VANCOUVER – Stopping undesirable resource development in B.C.’s Fraser Canyon used to involve blockading trains, but that has changed for a cluster of First Nations with a former “history of battles” that now just wants to get down to business.
Five Interior First Nations governed by the Nkala’pamux Nation Tribal Council signed an agreement Wednesday with the province giving them a seat on a new decision-making board involving business in their territory.
The agreement underscores a shift in how First Nations, the provincial government and industry in B.C. are approaching resource and revenue sharing in recognition of the difficult and slow-moving treaty process.
First Nations people are moving away from the militant tactics of yesteryear to gain a voice when they have an issue, said Grand Chief Robert Pasco, who represents the council.
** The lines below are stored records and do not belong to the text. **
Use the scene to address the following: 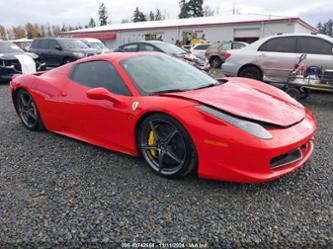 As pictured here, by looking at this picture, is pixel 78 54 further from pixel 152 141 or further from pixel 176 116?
pixel 176 116

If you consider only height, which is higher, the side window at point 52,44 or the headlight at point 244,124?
the headlight at point 244,124

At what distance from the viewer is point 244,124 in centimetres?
245

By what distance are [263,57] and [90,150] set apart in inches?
200

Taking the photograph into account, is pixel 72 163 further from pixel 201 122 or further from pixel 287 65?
pixel 287 65

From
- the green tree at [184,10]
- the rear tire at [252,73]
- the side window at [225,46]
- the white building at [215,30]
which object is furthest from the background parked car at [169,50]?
the green tree at [184,10]

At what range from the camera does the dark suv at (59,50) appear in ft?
39.4

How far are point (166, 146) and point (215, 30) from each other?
91.9 ft

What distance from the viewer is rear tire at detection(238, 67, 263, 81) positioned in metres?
7.11

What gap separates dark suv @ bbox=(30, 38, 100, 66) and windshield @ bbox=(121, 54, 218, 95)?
9263 millimetres

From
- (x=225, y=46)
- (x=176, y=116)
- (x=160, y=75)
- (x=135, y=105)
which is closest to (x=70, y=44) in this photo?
(x=225, y=46)

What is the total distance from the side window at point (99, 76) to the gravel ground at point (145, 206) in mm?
800

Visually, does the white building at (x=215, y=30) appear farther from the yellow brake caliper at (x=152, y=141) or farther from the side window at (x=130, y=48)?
the yellow brake caliper at (x=152, y=141)

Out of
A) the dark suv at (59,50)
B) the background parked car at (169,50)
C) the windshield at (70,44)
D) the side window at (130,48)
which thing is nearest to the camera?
the background parked car at (169,50)

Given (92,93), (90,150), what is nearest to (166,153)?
(92,93) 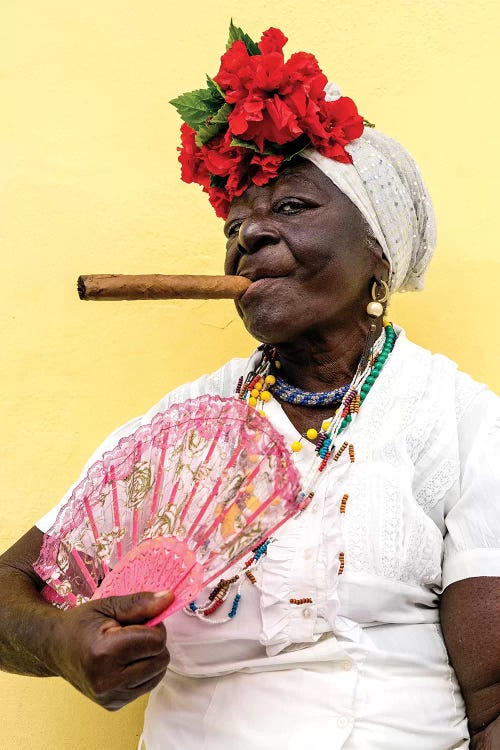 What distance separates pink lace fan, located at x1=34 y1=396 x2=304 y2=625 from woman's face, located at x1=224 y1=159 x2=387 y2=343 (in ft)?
0.85

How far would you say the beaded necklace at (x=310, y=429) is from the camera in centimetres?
141

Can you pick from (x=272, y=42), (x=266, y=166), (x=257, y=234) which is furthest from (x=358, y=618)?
(x=272, y=42)

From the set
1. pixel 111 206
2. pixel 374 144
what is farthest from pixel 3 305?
pixel 374 144

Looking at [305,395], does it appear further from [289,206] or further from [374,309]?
[289,206]

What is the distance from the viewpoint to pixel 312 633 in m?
1.36

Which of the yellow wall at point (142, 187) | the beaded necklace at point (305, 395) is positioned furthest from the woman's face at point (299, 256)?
the yellow wall at point (142, 187)

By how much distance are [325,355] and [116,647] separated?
2.42 feet

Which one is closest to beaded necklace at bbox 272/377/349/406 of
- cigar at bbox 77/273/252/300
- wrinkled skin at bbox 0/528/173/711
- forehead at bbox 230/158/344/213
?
cigar at bbox 77/273/252/300

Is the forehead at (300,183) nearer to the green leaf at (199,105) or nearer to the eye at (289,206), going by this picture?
the eye at (289,206)

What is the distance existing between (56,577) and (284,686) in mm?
394

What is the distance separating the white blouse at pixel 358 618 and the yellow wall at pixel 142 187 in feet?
2.16

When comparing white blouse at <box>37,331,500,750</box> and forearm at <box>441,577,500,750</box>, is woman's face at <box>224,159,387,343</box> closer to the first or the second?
white blouse at <box>37,331,500,750</box>

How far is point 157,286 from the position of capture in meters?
1.38

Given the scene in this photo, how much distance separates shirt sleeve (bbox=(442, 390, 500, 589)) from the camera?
Answer: 1.42 metres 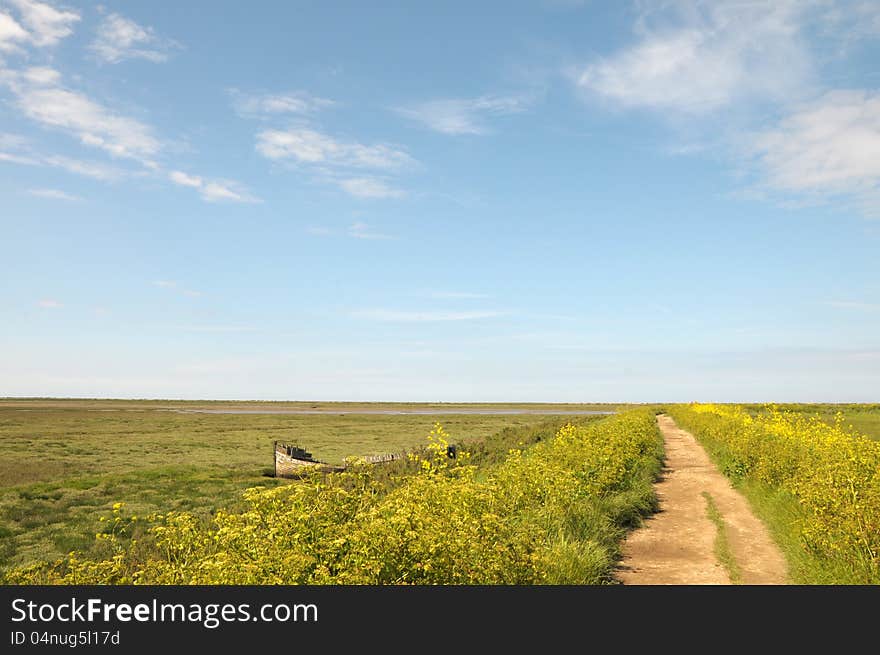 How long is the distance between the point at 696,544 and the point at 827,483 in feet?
7.64

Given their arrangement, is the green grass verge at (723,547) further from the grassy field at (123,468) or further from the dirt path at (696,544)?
the grassy field at (123,468)

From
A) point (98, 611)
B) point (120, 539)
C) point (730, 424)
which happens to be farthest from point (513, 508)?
point (730, 424)

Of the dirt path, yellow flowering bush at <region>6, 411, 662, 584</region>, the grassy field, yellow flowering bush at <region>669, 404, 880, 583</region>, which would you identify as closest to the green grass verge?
the dirt path

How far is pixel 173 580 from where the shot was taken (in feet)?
18.4

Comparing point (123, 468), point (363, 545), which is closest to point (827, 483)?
point (363, 545)

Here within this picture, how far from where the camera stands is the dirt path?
29.0 feet

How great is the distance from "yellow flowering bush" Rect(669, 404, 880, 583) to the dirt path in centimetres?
77

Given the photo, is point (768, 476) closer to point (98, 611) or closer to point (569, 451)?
point (569, 451)

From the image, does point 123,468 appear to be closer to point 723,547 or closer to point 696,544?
point 696,544

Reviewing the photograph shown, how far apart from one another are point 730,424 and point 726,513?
41.6 ft

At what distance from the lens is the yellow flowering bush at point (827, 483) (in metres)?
8.54

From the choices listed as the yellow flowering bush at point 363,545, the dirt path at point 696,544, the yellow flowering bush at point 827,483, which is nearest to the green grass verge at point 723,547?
the dirt path at point 696,544

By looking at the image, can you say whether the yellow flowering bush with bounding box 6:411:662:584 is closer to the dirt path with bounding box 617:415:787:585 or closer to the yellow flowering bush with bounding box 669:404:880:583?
the dirt path with bounding box 617:415:787:585

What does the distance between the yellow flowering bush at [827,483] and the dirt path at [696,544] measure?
2.53ft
“We’ve had our day, we’ve had our issues, but we’re at a better place,” he said before a delegation of chiefs gathered in Vancouver.
“We’ve moved. People recognize there’s a better way, a different way that business can be done. And they’ve jumped out of the woodwork to help make it happen.”
The chiefs unanimously hailed the 18-month pilot project, which will first involve decisions connected to the Highland Valley Copper Mine, owned by Teck Resources (TSX:TCK.A), that’s located within the Nlaka’pamux territory.
The agreement was hammered out with the province in the two years since an initial framework was created in March 2012. If successful, the board will broaden its mandate to include other mines and companies in the road and forestry sectors.
The deal is a historic milestone, said Grand Chief Stewart Phillip, with the Union of B.C. Indian Chiefs.
“It reflects the vision of our ancestors,” he said, “who since the beginning have always harboured a vision of sharing the land and sharing the resources in a good way.”
More than 200 business agreements have been negotiated between the provincial government and First Nations across B.C. since 2005-06, with more in the process, said John Rustad, minister of aboriginal relations.
Although the province continues to pursue the treaty as the “greatest form of long-term reconciliation,” Rustad said that government recognizes it’s not of interest to all First Nations and treaties take much more time.
“We want to be able to make sure benefits can flow over a period of time,” he said when asked whether these kinds of deals replace the treaty process. “This is one of those types of agreements that helps to build our relationships and build toward long-term reconciliation.”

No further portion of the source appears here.